I agree with the United States Catholic Bishops: "A Catholic moral framework does not easily fit the ideologies of 'right' or 'left,' nor the platforms of any party . . . Our responsibility is to measure all candidates, policies, parties, and platforms by how they protect or undermine the life, dignity, and rights of the human person, whether they protect the poor and vulnerable and advance the common good" (Faithful Citizenship).
I support Senator Kerry because of his moral leadership. He has a record of speaking the truth and seeking peace. He will improve health care and protect the environment. Kerry will provide the leadership needed to protect America from terrorism and promote peace and democracy in the Middle East.
Mary Berg, Madison
Catholics called to vote for life
To the editor:
What if there were a law in this country that gave a mother (not the father) a time frame to murder her baby from the time of conception up to one year old? What if a person running for president vowed to make sure liberal judges would be put in place upon vacancies to guarantee this law would not be changed?
Would someone please tell me, how could you vote for this person? Just because he would not perform the murder himself?
God doesn't care if your baby is one second old, one year old, or however old. We are called as Catholics to protect innocent life.
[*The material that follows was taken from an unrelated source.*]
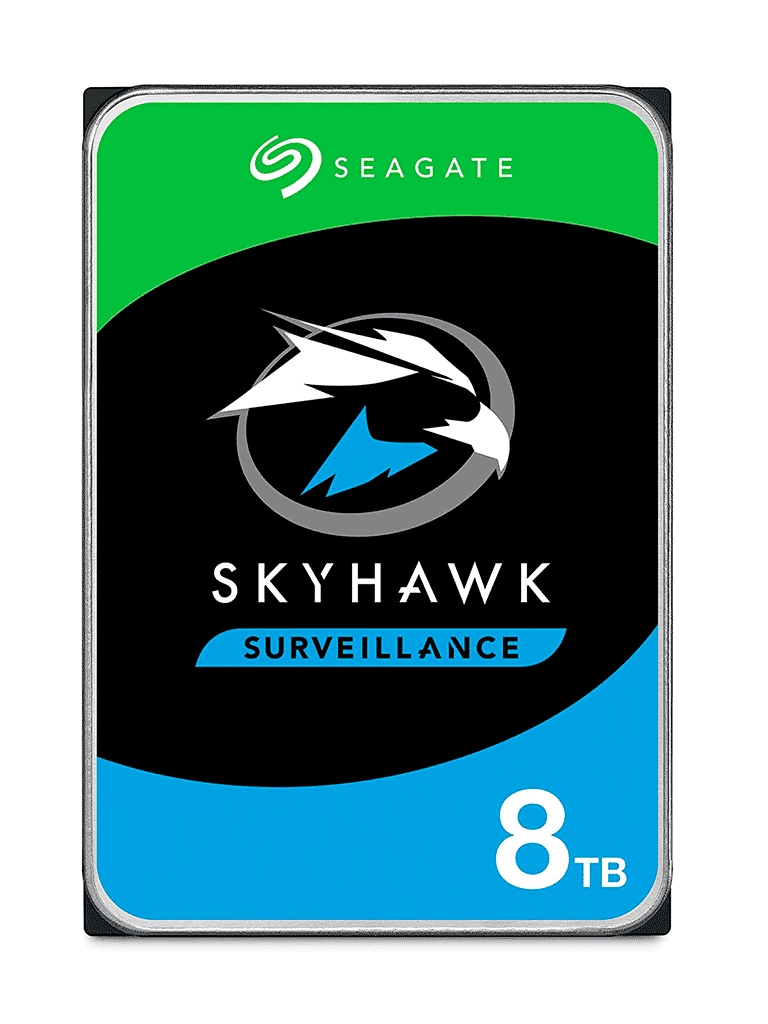 Seagate SkyHawk AI ST8000VE001 - Disco duro - 8 TB - interno - 3.5" - SATA 6Gb/s - búfer: 256 MB - con Recuperación de datos Seagate Rescue de 3 años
And to vote in favor of it.
Just because we can't hear or see them cry while inside their mothers, God can.
In this country we are made up of Democrats and Republicans. Let's vote Catholic. The right for LIFE.
Paul Schulz Sr., Wisconsin Dells
Need adult stem cell research
To the editor:
Since October has been designated "Respect Life Month" by the Catholic Church, it is a good time to present a realistic view on the issue of stem cell research. This is very contentious subject, yet there is no argument that stem cell research should be pursued. The only issue is whether the research should be focused on adult stem cells or fetal stem cells.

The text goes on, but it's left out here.